*Your instructions*
For each line in the data below that holds "para", return a copy.

======

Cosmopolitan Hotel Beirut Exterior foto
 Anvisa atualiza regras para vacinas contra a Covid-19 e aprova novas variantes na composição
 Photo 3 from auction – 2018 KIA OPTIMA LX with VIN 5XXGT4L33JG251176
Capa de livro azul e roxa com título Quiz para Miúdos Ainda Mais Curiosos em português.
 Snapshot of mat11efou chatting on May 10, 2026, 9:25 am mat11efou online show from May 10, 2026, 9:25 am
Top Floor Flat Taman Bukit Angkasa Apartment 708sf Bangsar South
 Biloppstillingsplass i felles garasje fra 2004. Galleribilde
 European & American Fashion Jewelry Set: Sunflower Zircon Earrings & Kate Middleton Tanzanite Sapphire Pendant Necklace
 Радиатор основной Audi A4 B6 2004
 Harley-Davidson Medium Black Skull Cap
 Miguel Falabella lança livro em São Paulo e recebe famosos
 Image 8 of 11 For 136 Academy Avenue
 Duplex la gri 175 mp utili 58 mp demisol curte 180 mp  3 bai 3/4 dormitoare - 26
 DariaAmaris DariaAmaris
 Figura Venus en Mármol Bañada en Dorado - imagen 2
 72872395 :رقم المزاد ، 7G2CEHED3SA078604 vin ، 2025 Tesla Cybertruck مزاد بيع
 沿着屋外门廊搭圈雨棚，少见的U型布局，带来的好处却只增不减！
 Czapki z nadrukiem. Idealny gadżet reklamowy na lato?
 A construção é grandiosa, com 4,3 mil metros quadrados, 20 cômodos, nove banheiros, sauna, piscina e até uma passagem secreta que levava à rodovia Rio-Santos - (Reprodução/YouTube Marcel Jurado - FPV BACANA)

======

*Response below*
 Anvisa atualiza regras para vacinas contra a Covid-19 e aprova novas variantes na composição
Capa de livro azul e roxa com título Quiz para Miúdos Ainda Mais Curiosos em português.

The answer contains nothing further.